Return, exactly and in full, the lines of the records below starting at the one with "mug-tasse-en-v" and ending at the one with "Sistema familiare e", and no other lines.

(Recorded data)

════════════════════

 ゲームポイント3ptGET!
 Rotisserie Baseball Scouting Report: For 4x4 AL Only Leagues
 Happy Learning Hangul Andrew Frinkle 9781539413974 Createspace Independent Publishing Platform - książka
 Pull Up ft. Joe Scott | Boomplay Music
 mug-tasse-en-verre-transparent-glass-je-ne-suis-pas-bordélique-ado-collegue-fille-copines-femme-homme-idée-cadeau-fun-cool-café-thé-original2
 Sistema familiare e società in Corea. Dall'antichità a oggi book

════════════════════

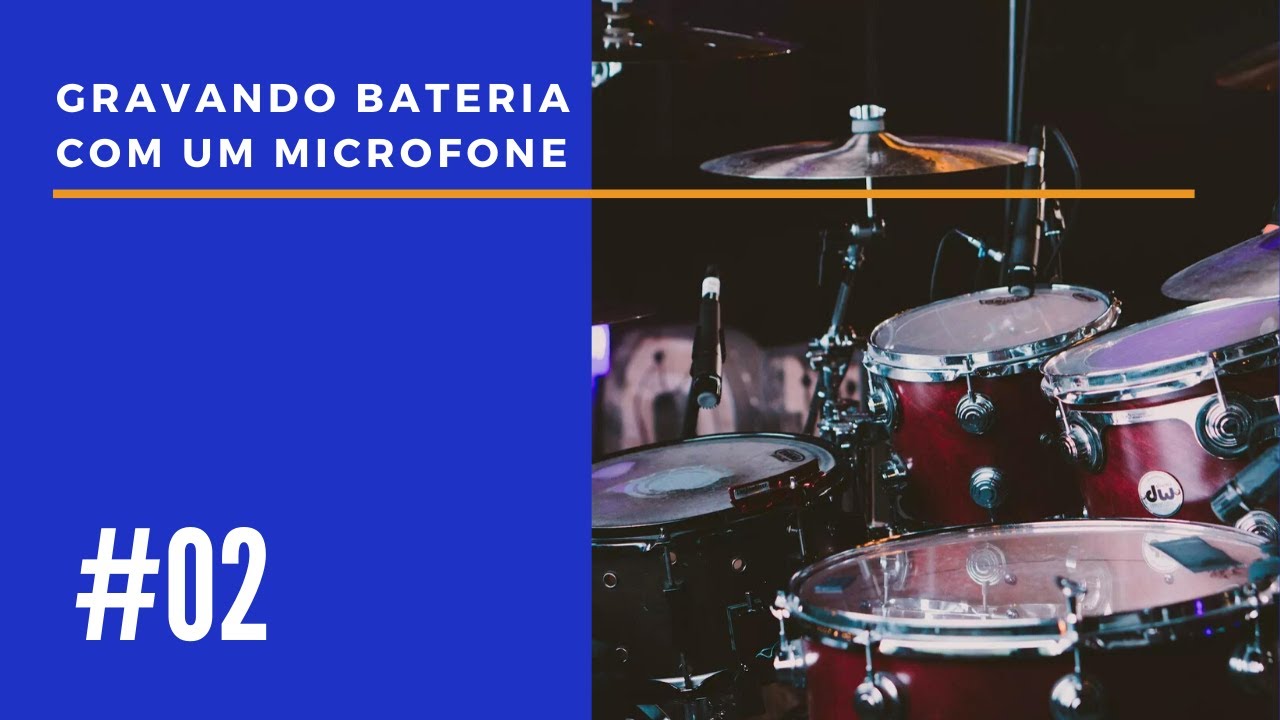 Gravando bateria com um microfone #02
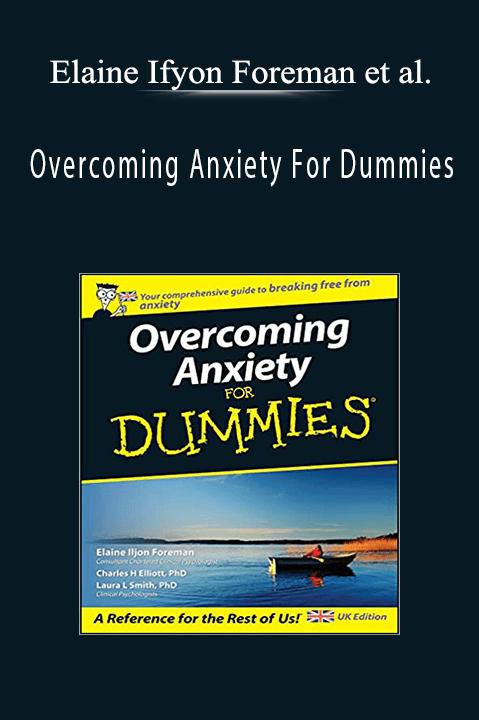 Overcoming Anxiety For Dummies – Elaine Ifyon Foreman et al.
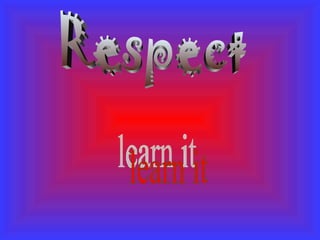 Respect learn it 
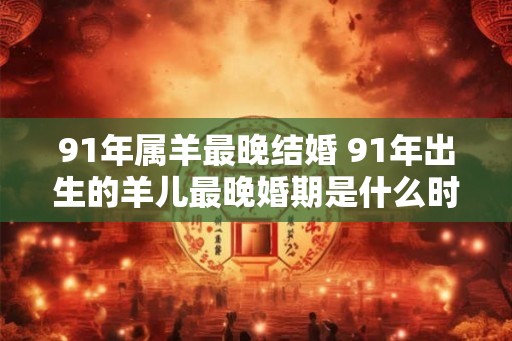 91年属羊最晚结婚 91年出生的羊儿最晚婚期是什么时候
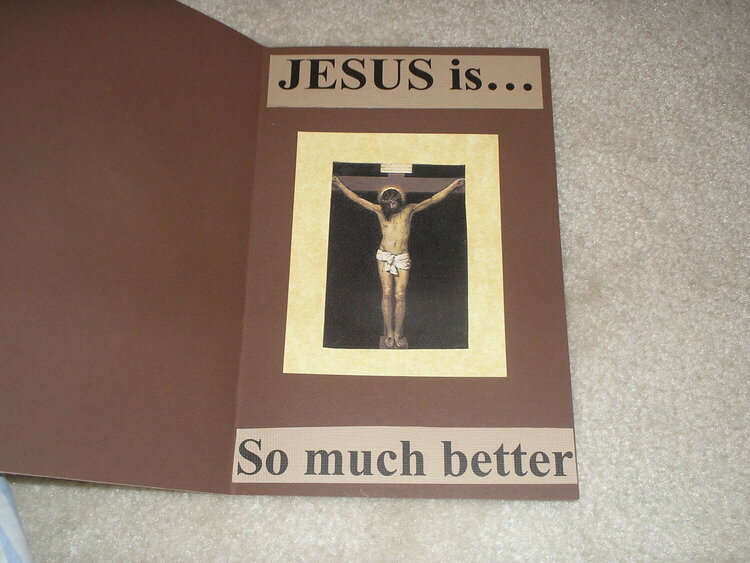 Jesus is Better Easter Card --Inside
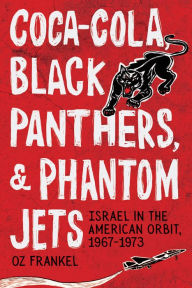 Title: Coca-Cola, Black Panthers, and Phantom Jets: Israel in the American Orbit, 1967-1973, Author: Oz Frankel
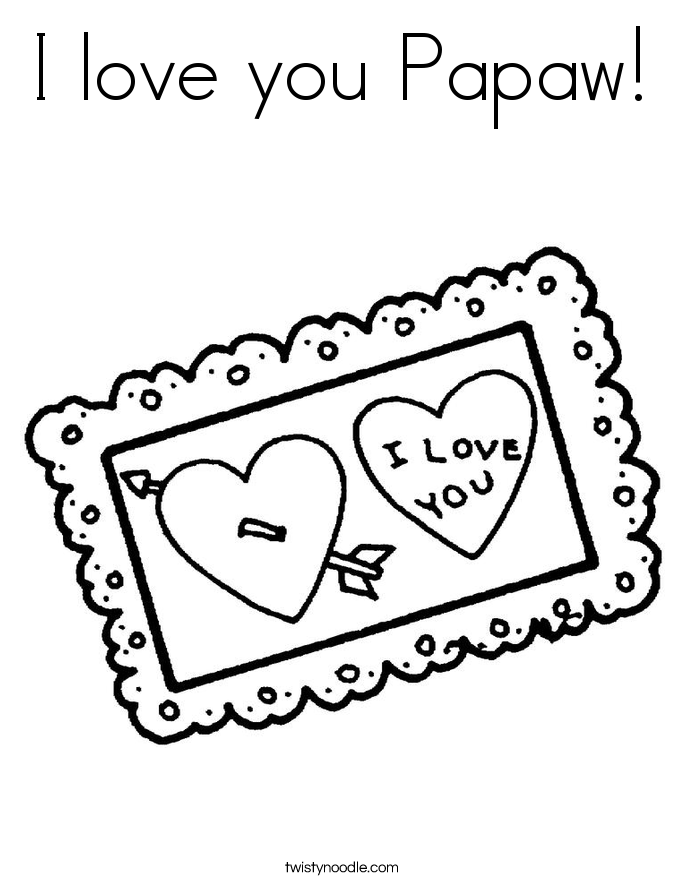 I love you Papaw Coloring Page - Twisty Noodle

════════════════════

- Output of the task:
 mug-tasse-en-verre-transparent-glass-je-ne-suis-pas-bordélique-ado-collegue-fille-copines-femme-homme-idée-cadeau-fun-cool-café-thé-original2
 Sistema familiare e società in Corea. Dall'antichità a oggi book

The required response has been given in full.